Most programmers lack the knowledge of the secrets behind these two types, especially the good old signed fixed point and its forgotten notation Qa.b

PartialDischarge · « **Reply #2 on:** July 29, 2016, 09:08:20 am »

I'll give some examples

* 0.1, float(0.1) and double(0.1) are NOT the same numbers

* a fixed point signed 16 bit number (Q0.15) goes from -32768 to +32767, and it is not simmetrical, so you cannot represent with it
an analog quantity of +1 to -1. It only goes from +0.999969 to -1. If this is not taken into account an overflow may occur. Reading the posted link it seems that this could have happened, ie if the routine thinks that the highest positive number (+1) is +32768, it will actually represent the largest negative number, -32768

* floating point accuracy is limited!!! See attached code from matlab and the weird result.

* Never compare for equality two floating point numbers. For example, there is a system defined constant for PI called M_PI with lots and lots of decimals, but this code:

float x=M_PI;
if (x-PI)==0) return 1
else return 0;

it returns 0.

Maxlor · « **Reply #3 on:** July 29, 2016, 09:50:24 am »

The function looks correct (although I have never seen that syntax, no idea what it is.) It does exactly what it says it does, under given preconditions.

The problem is with how this function was called, i.e. without checking preconditions, and handling the case where the preconditions aren't met.
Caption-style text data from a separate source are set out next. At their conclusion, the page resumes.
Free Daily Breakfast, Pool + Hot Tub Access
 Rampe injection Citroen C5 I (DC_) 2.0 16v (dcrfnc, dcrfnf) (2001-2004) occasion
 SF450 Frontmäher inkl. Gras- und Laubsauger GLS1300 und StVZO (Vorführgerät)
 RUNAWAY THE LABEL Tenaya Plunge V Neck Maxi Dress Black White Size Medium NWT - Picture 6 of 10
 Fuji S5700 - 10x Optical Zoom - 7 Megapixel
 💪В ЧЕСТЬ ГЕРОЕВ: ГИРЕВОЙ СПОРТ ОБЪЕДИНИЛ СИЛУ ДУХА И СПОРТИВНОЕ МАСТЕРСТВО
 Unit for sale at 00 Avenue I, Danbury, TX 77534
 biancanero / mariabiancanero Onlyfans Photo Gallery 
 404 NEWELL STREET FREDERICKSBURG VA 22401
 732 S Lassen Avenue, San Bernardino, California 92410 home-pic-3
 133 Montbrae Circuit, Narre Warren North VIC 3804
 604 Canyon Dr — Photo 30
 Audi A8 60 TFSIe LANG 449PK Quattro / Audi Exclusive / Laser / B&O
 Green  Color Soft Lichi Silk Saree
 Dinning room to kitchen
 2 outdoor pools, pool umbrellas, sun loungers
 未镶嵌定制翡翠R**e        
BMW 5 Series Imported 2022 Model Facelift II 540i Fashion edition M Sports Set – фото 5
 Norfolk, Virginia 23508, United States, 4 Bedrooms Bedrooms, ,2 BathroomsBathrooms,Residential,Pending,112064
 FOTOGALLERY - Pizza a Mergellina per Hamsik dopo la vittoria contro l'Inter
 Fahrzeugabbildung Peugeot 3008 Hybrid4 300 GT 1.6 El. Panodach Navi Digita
The default handler apparently was ending the program, which usually is a reasonable thing to do (and often, the only thing to do) but in this case, had some rather explody consequences.

A precondition is a condition, or a check, that must hold (i.e., the check must pass) before a function is called. The function only guarantees its behaviour if the preconditions hold, and if they don't, it might behave in an undocumented way, or crash, or throw an exception.

Similarly, a postcondition is a condition that holds after the function. If they break, it's usually because there's an error in the function implementation.

Generally, when writing a function, it's quite possible that there are sets of input parameters for which the function doesn't make sense, and you don't have enough control over the compiler to prohibit those sets of parameters. An example is a square root function with a signature like this: float sqrt(float value); Now, with these types it's not possible in C to limit value to non-negative values, but that is a precondition of the function. (Note: it cannot return complex values, since the return type is specified as float as well.) When sqrt(-42) is called, the precondition is violated, which is clearly a programming error outside the sqrt() function. The reasonable thing to do here is to abort() or throw an exception so the error can be easily identified and fixed. Or maybe, if this behaviour is documented, return some special value like 0; although such behaviour is likely more trouble than its worth in the long run, since it hides errors, making them much harder to track down.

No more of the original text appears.